Work item: Skipping all pictures, print exactly the lines below from the one with "New 2026 Chevrolet" through the final line.

Source material:
※ ※ ※

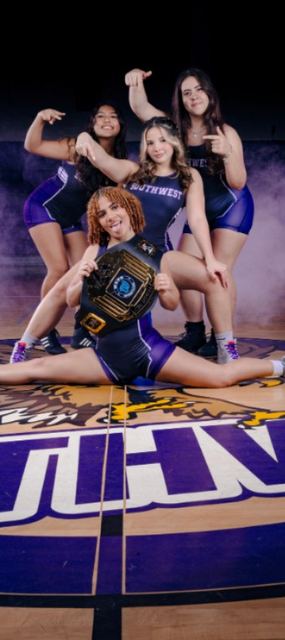 Example of the Champ in the Middle pose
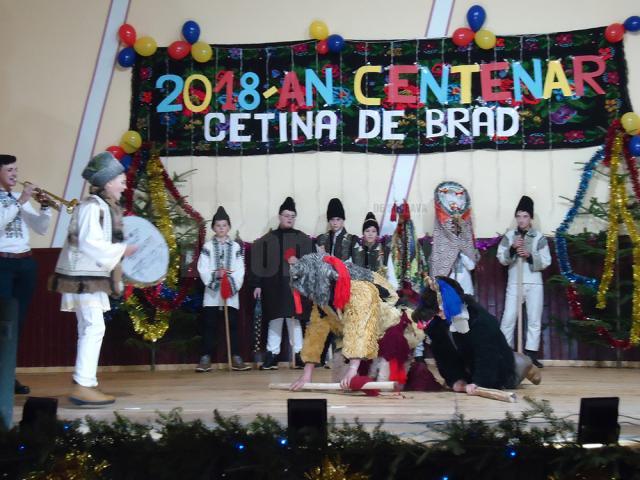 Festivalul de datini şi obiceiuri populare ,,Cetina de brad”, la Pârteştii de Sus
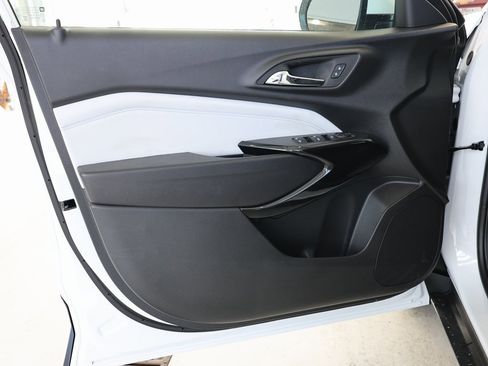 New 2026 Chevrolet Trax LT w/ LT Convenience Package image 10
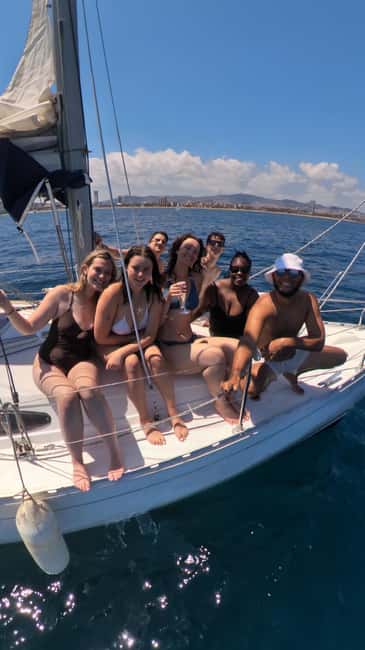 New Sailing / Boat Tour with Free Drinks and Tapas - Who should book this sailing trip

※ ※ ※

Exercise answer:
 New 2026 Chevrolet Trax LT w/ LT Convenience Package image 10
 New Sailing / Boat Tour with Free Drinks and Tapas - Who should book this sailing trip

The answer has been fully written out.